BAGHDAD -- Authorities in Iraq said Friday that car bombs inside the parking lots of two top hotels had killed at least 15 people in the capital Baghdad, with dozens more wounded.
Police officials said a car bomb exploded in the parking lot of Babil Hotel late Thursday. About one minute later, a second car bomb went off inside the parking lot of Cristal Hotel, formerly Sheraton.
Initial reports said 10 people were killed and 27 wounded, but the casualty figures rose overnight.
Nobody claimed responsibility, but Iraq witnesses almost daily attacks that have frequently been claimed by the Islamic State of Iraq and Syria (ISIS), which seized large swaths of the country during a blitz last year.
ISIS launched a wave of suicide and truck bombs earlier this week, a day after Iraqi officials announced an offensive to reclaim territory from the militants in sprawling Anbar province, just to the west of Baghdad.
The Sunni extremist group swept through Anbar's provincial capital of Ramadi about two weeks ago as the Iraqi army fled, leaving behind them an array of U.S.-supplied weaponry.

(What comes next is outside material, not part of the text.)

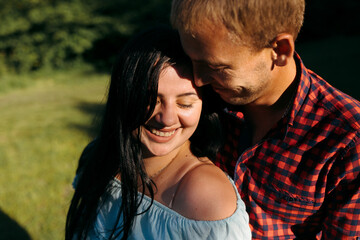 A man and a woman are hugging each other in a grassy field. The woman is smiling and the man is looking at her. Scene is happy and affectionate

In response to the embarrassing and strategically significant defeat, the central government in Baghdad cobbled together a fighting force, using local Sunni militiamen and reassembled government troops to launch the new offensive in Anbar. But one of the largest contingents -- the one which has asserted its leadership in the offensive -- is an umbrella group of Shiite Muslim militias.
The government-backed Shiite militias' high-profile role in the new military operation risks alienating the largely Sunni Muslim population in Anbar, and has heightened fears of renewed or intensified sectarian violence.
ISIS plays directly to those fears, often attacking Iraq's minority Shiite population to propagate the sectarian mistrust.